What is a Data Structure ?
A Data structure is basically a mean of storing data in a organized manner that enables efficient access and modification. It can be one of the two following types :
- Primitive data structures.
- User-defined data structures.
Here is the list of Data Structures in Python :
As you can see, there are a lot of types. The challenge in this article, will be to as easiest as I can, explain each one ! With if I can with an example and a little of Python code.
“Bad programmers worry about the code. Good programmers worry about data structures and their relationships.” — Linus Torvalds, creator of Linux
Primitive Data Structures
Integers
Used to represent numeric data, and whole numbers from negative infinity to infinity, like 2, 4, or -1.
Float
Used for rational numbers, usually ending with a decimal figure, such as 1.11 or 3.14.
Strings
Collections of alphabets, words or other characters. (i.e “Lionel”)
Boolean
Built-in data type that can take up the values: True and False.
Non-Primitive Data Structures
Arrays
Arrays in Python are a compact way of collecting basic data types, all the entries in an array must be of the same data type.

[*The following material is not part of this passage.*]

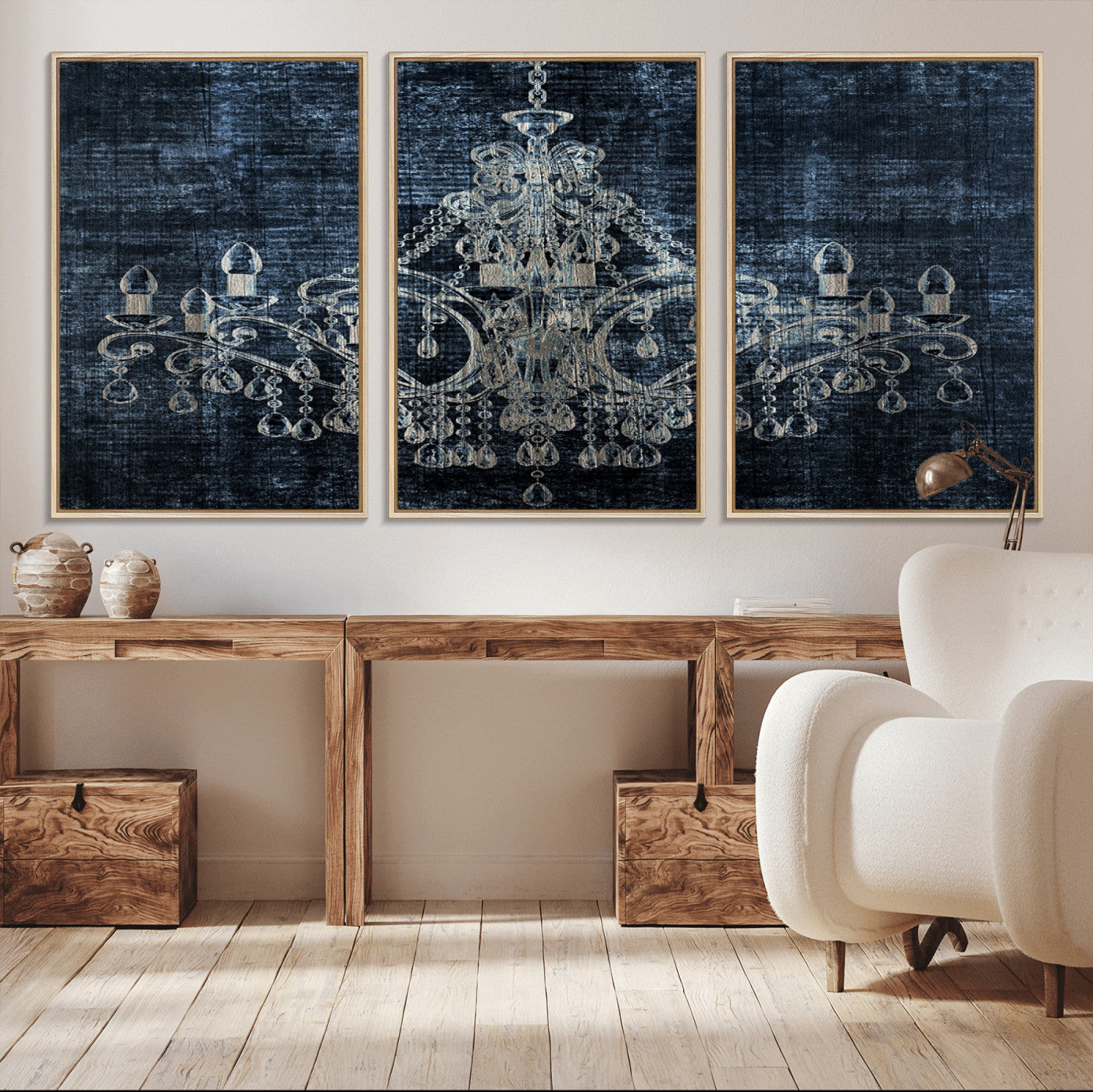 52092-MGV-CV-36X24-Dark Chandelier Wall Art Canvas Print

Most of the time, people refers to list when they say Array in Python… There is a little difference as explained below.
Lists – Overview
Lists in Python are used to store collection of heterogeneous items.
With arrays, you can perform an operations on all its item individually easily, which may not be the case with lists. Thus, arrays can be very useful when dealing with a large collection of homogeneous data types. Moreover, as there is only one type in arrays, it can be more efficient to use Arrays in certain cases.
Lists – Stacks
A stack is a container of objects that are inserted and removed according to the Last-In-First-Out (LIFO) concept. They are declared as lists in Python.
Example : to conceptualize Stacks, think about a deck of cards. You will always draw from the top of the deck.
Lists – Queues
A queue is a container of objects that are inserted and removed according to the First-In-First-Out (FIFO) principle.
Example : The line at a ticket counter where people are catered according to their arrival sequence and hence the person who arrives first is also the first to leave.
Lists – Graphs
A graph in mathematics and computer science are networks consisting of nodes, also called vertices which may or may not be connected to each other. The lines or the path that connects two nodes is called an edge.
Example :Think about a mobile app which gives you the best route to follow. It will use that kind of Data Structure and will use algorithms to determine which route is the fastest.
Another example : Social network. The nodes are people and the edges are friendship.
Lists – Trees
A tree is a data structure composed of nodes It has the following characteristics:
- Each tree has a root node (at the top).
- The root node has zero or more child nodes.
- Each child node has zero or more child nodes, and so on.
Trees help in defining real world scenarios and are used everywhere from the gaming world to designing XML parsers and also the PDF design principle is based on trees.
Binary search trees allow fast lookup, addition and removal of items. Trees help in defining real world scenarios and are used everywhere from the gaming world to designing XML parsers and also the PDF design principle is based on trees.
Usage : Games like chess build a huge tree with all possible moves to analyse and apply heuristics to decide on an optimal move.
Tuples
Tuples are really close to list. The difference between tuples and list is that tuples are immutable, which means once defined you cannot delete, add or edit any values inside it.
Dictionary
Dictionaries are made up of key-value pairs. Key is used to identify the item and the value holds as the name suggests, the value of the item.
Example : a phone book
Sets
Sets are a collection of distinct (unique) objects. These are useful to create lists that only hold unique values in the dataset. Besides being able to add and remove elements to a set, there are a few other important set functions that work with two sets at once.
- Union — This combines all the items from two different sets and returns this as a new set (with no duplicates).
- Intersection — Given two sets, this function returns another set that has all items that are part of both sets.
- Difference — This returns a list of items that are in one set but NOT in a different set.
- Subset — This returns a boolean value that shows if all the elements in one set are included in a different set.
Files
Files are traditionally a part of data structures. And although big data is commonplace in the data science industry, a programming language without the capability to store and retrieve previously stored information would hardly be useful.